The Woman Who Met her Match
by
Fiona Gibson
Blog Tour
Hello and welcome to May! It's my turn on the fabulous blog tour for The Woman Who Met Her Match by Fiona Gibson. I really love this tour banner as it was designed by the Author helself! Anyway, sit back and read an extract of The Woman Who Met Her Match.
Extract
‘Well, I hope I look as good as you do when these two are teenagers. But then, I bet you never let yourself go, even when yours were babies . . .’
‘Oh, I did,’ I say truthfully. In fact, I remember there were periods when the kids were well beyond babyhood and the very idea of putting on a face to greet the outside world was furthest from my mind. Of course, I don’t tell Jane that, after I lost David, my hair didn’t see a brush for days on end. It didn’t occur to me to look in a mirror, and I only got dressed because friends urged me to.
David and I had been together for fifteen years – we’d never married, we simply hadn’t felt the need – and I had forgotten how to be without him. After the accident, it was the children who literally kept me going. For them, I had to get out of bed every morning because ordinary life didn’t stop. I was a lone parent now, ferrying them to and from Scouts and judo (Amy’s short-lived obsession) and basketball (still her favourite thing in life). I turned up at school concerts – Amy sang in the choir, and Cam briefly flirted with the French horn – and parents’ evenings alone, one of the kinder teachers always making the effort to come over and say, ‘How are you, Lorrie? I know it’s been a difficult time.’
Yes it was – because David was dead. I mean really dead, not a Belinda’s-gone-to-Halifax scenario. It happened on one of those rare winter’s nights when London is properly blanketed in snow, like in a children’s story. We were happily cosied up for the evening in the house we still live in – 120 Pine Street, London E2, an ordinary little terrace made a little less ordinary by the original outdoor wooden shutters at the living room windows. With Cam and Amy in bed, David and I were looking out at the snowflakes falling slowly, illuminated by street lamps. ‘Fancy some wine?’ I asked, and David said yes, and because I was already in PJs he pulled on his thick padded jacket and a woollen beanie and headed out to the 7-eleven. Ever obliging, that’s what he was like. Not a pushover – he knew his own mind, taught English in a challenging North London secondary school and took no nonsense from the kids there – but nicely old-fashioned in that he was willing to go out and buy wine, because I fancied a drink.
Because I wanted it, not him. Because I was worn out from a long week of working and being Mummy, and longed for a glass of something cool and chilled.
If I’d put on the kettle and had a mug of tea, it would never have happened.
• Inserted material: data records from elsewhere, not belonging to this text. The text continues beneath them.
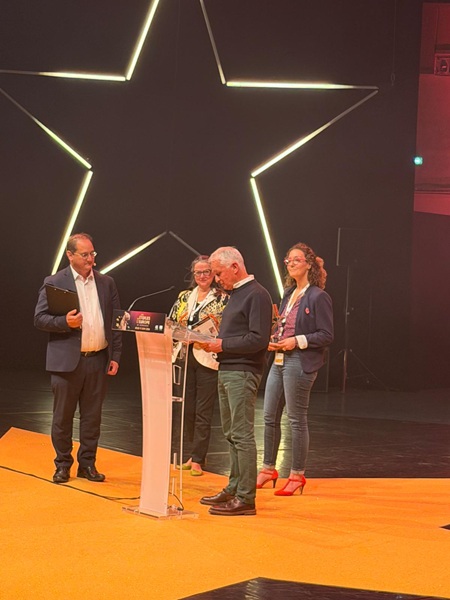 Etoiles Europe en Normandie 2026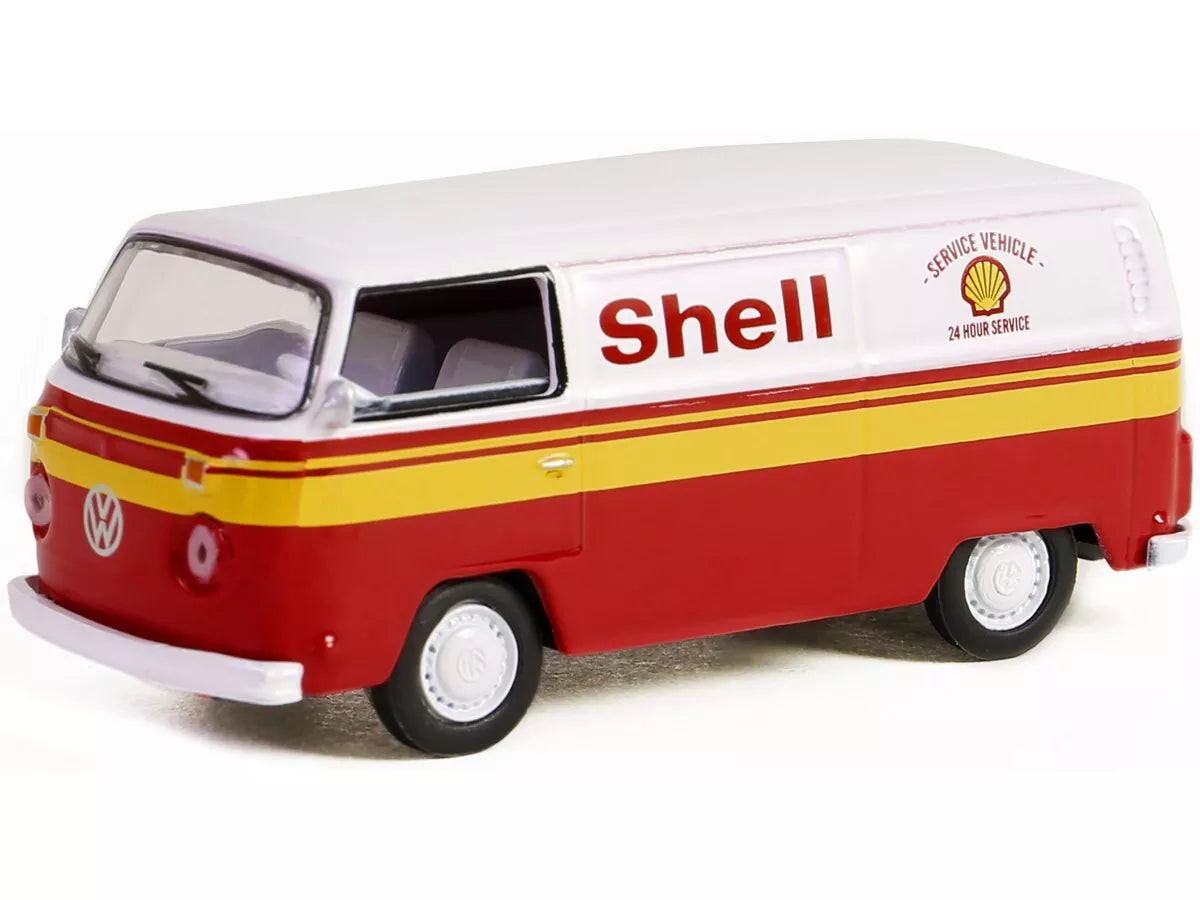1979 Volkswagen Type 2 Panel Van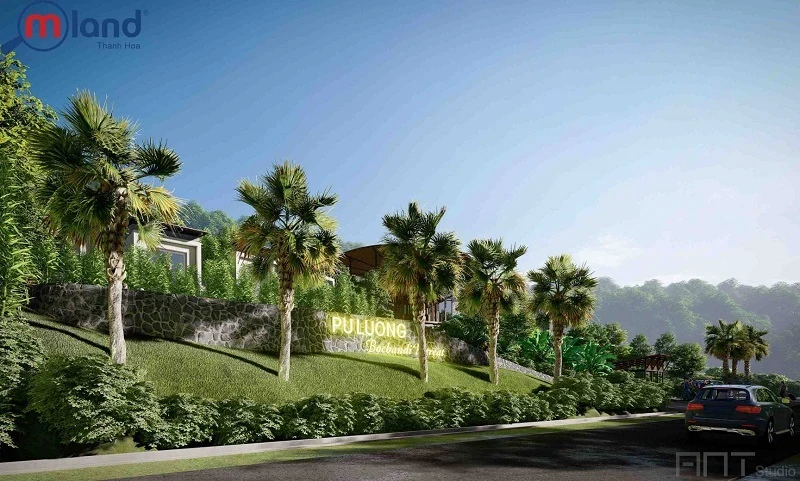 Sức hút khó cưỡng của Pù Luông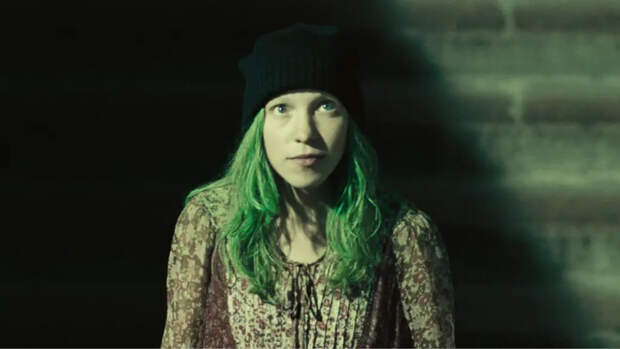 Денег нет, пришлось идти таксовать: Как сложилась жизнь актрисы Шалаевой, променявшей славу на мнимую «свободу»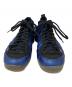 NIKE (ナイキ) AIR FOAMPOSITE ブルー サイズ:26cm：8000円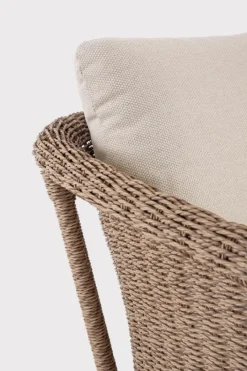 Bizzotto SET4 SALOTTO C-C OCEANA VAPOR YK15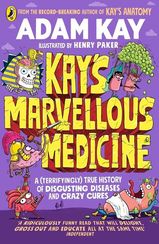 Kays Marvellous Medicine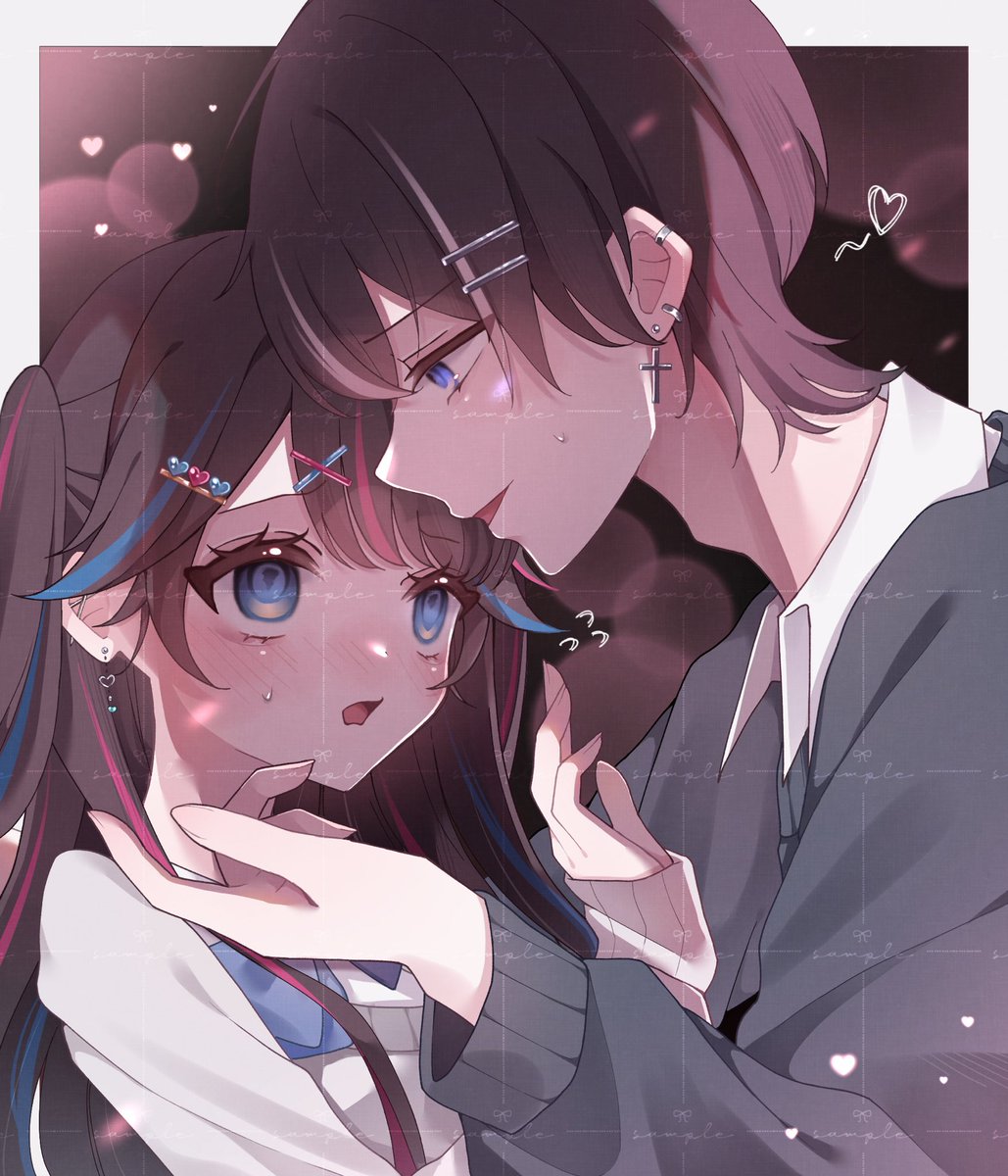 小夜🌷依頼⭕️ tweet media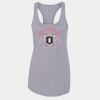 Next Level - Women's Ideal Racerback Tank - 1533 Thumbnail
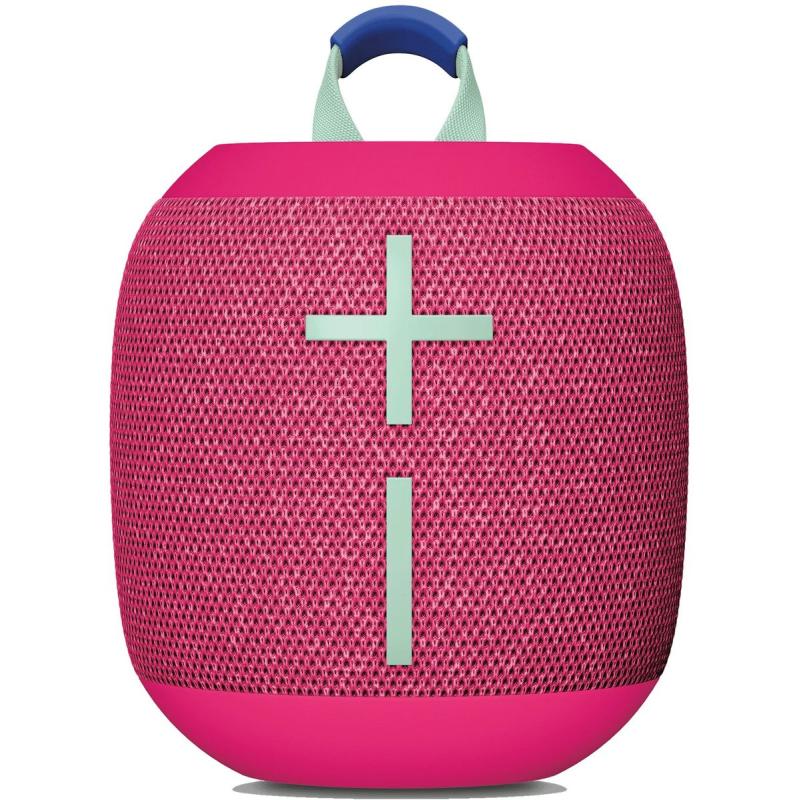 Logitech Ultimate Ears Wonderboom 4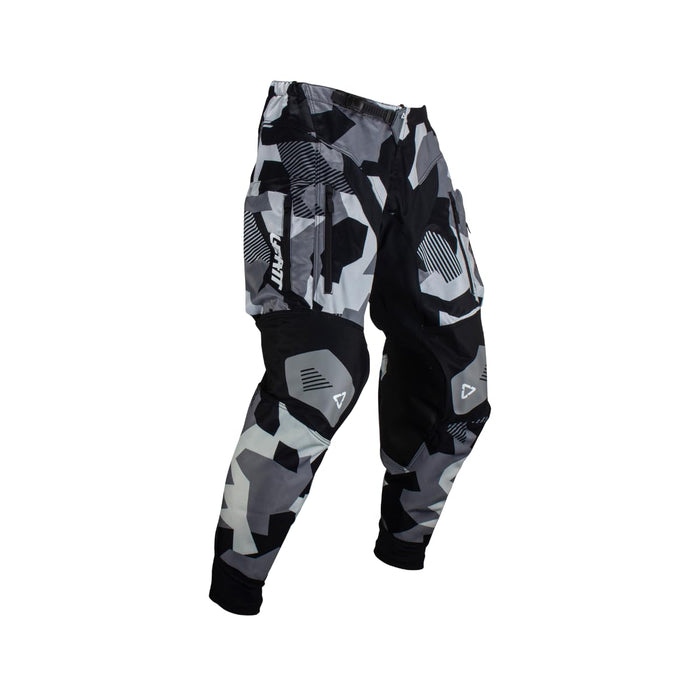 Leatt Pant Moto 4.5 Enduro Motorcycle Apparel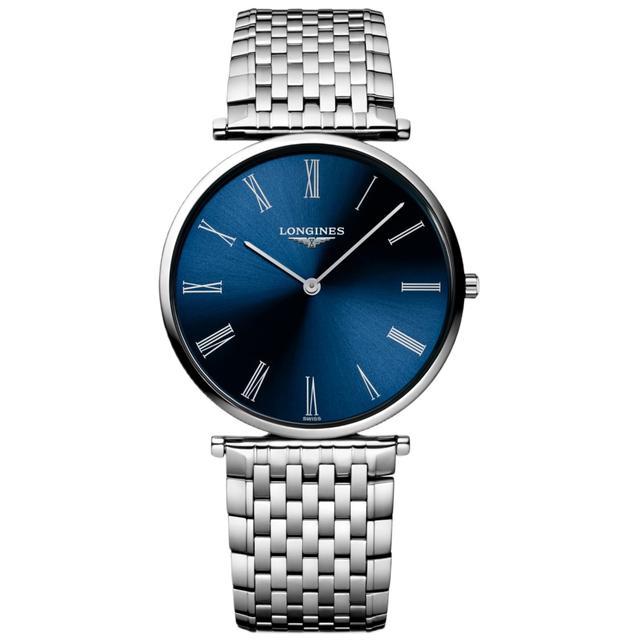 LONGINES LA GRANDE CLASSIQUE DE LONGINES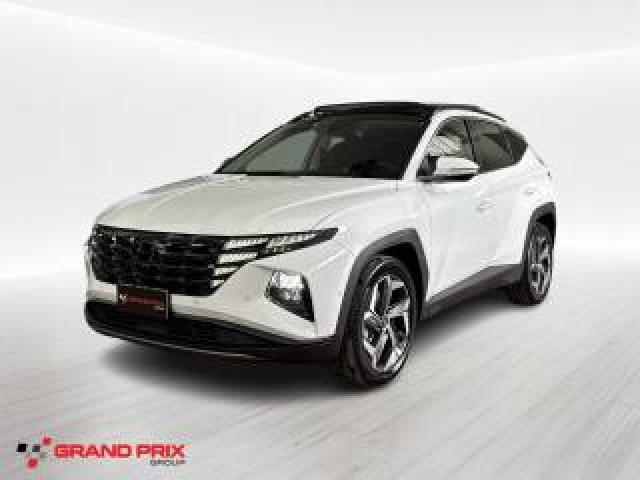 Hyundai Tucson 1.6 Hev 4wd Aut. Exellence 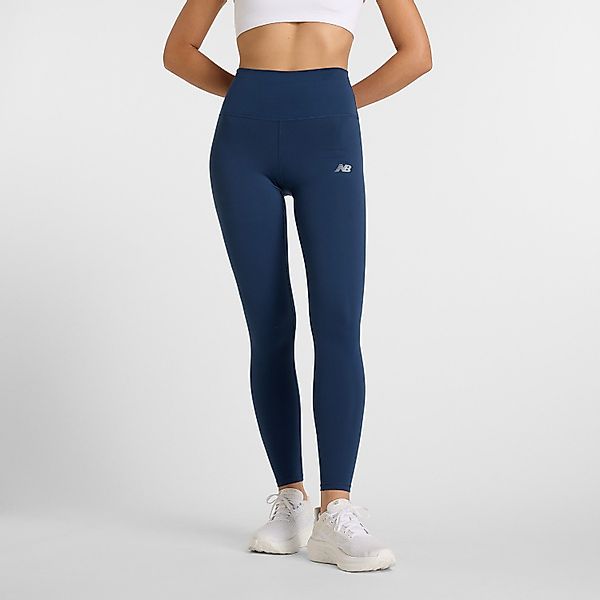 New Balance Lauftights Harmony High Rise günstig online kaufen
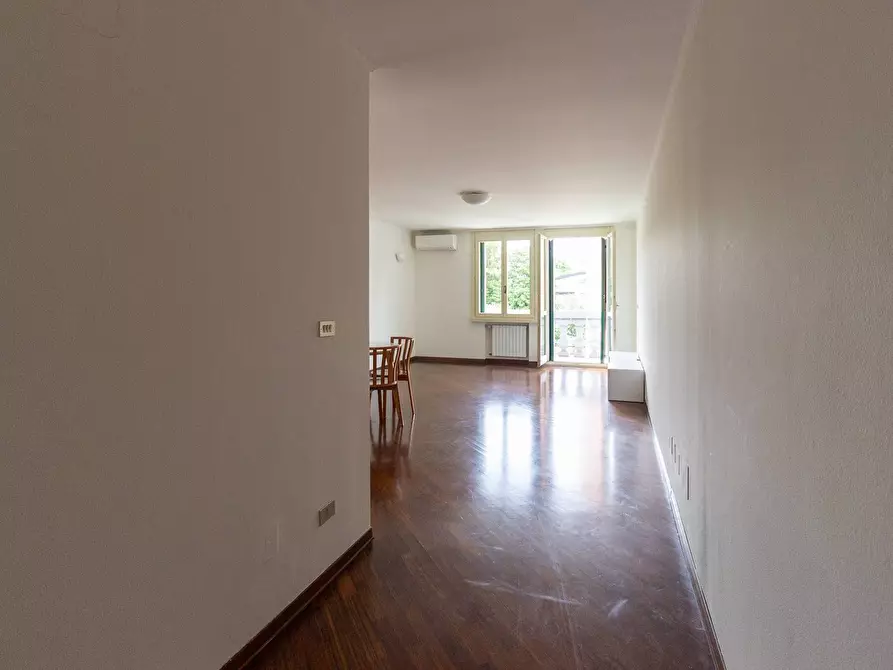 Immagine 1 di Appartamento in vendita  in VIA G.OBERDAN 9 a Pordenone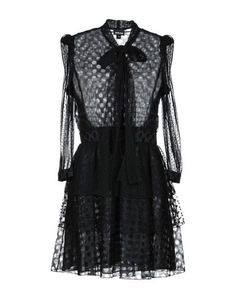 Короткое платье Just Cavalli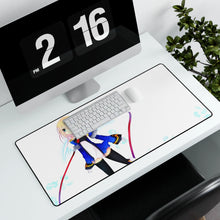 Load image into Gallery viewer, Blazblue Mouse Pad (Desk Mat)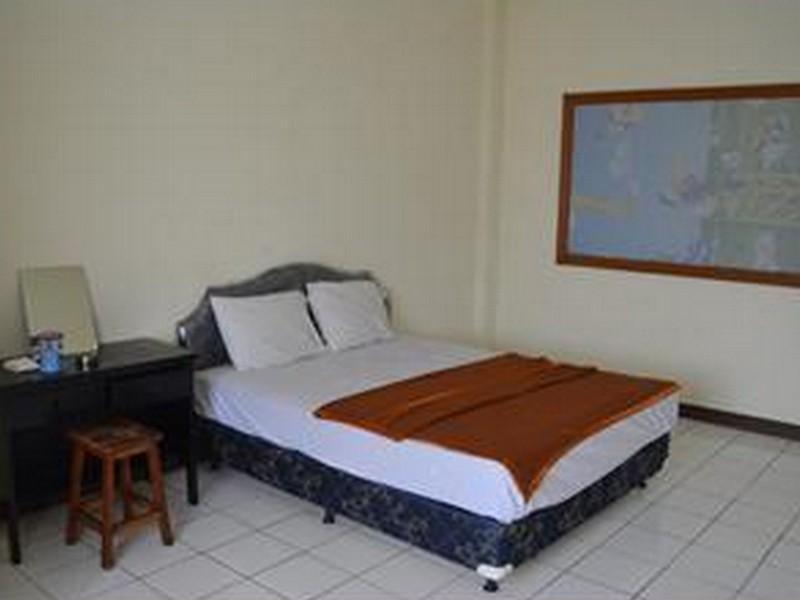 Hotel Mutiara Jakarta Luaran gambar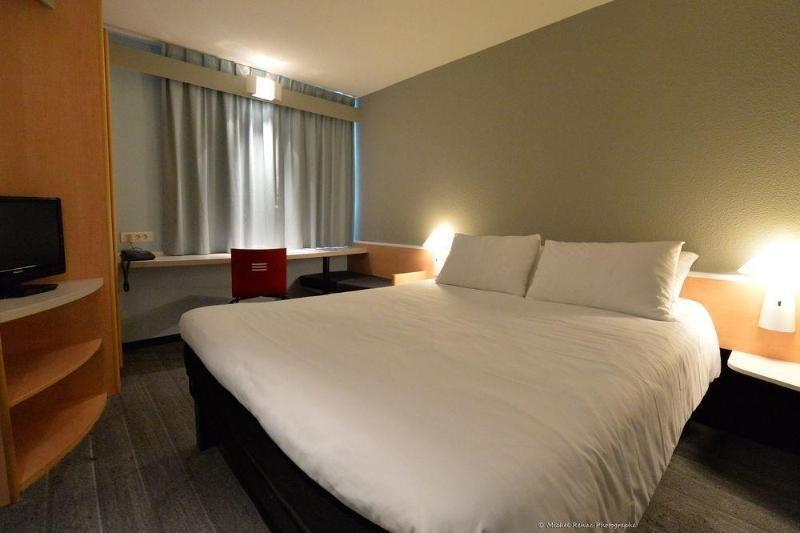 Foto general de Hotel ibis Auray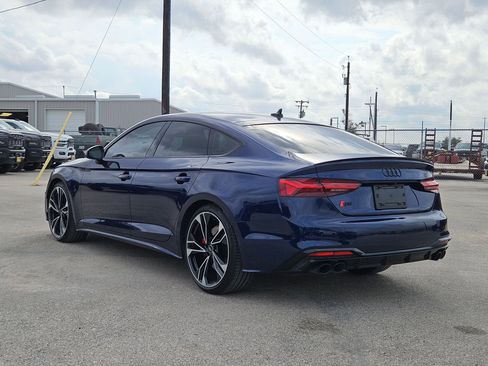 Used 2023 Audi S5 Premium Plus image 5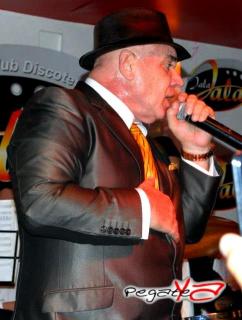 Foto 3 de Roberto Lugo y Orquesta Sabotaje en Jala Jala Club, Cali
If I hadn’t been such a greedy wine-guzzling lush, it would never have happened.
If I hadn’t had a bath after cajoling the kids into bed – and still been in jeans and a sweater rather than PJs – then maybe I’d have nipped out to the shop, and he’d still be with us now.
I try to push away such thoughts and pause to study Jane’s face. She seems to have fallen into a sort of reverie. Choosing a neutral pinky-brown pencil, I outline her full lips, then apply a semi-sheer lipstick with a brush. Archie is now drawing thick round spectacles on the lady with the terrible skin condition in the colouring book.
The off-licence is only a five-minute walk away from our house, around the corner and down towards the Roman Road. And that’s where it happened, just as David turned the corner, the car coming too fast on freshly fallen snow, skidding and slamming into him. And that was the end.
I brush on a little pinkish blusher, followed by translucent powder. ‘All done,’ I say, forcing myself to focus on my customer’s now-radiant face.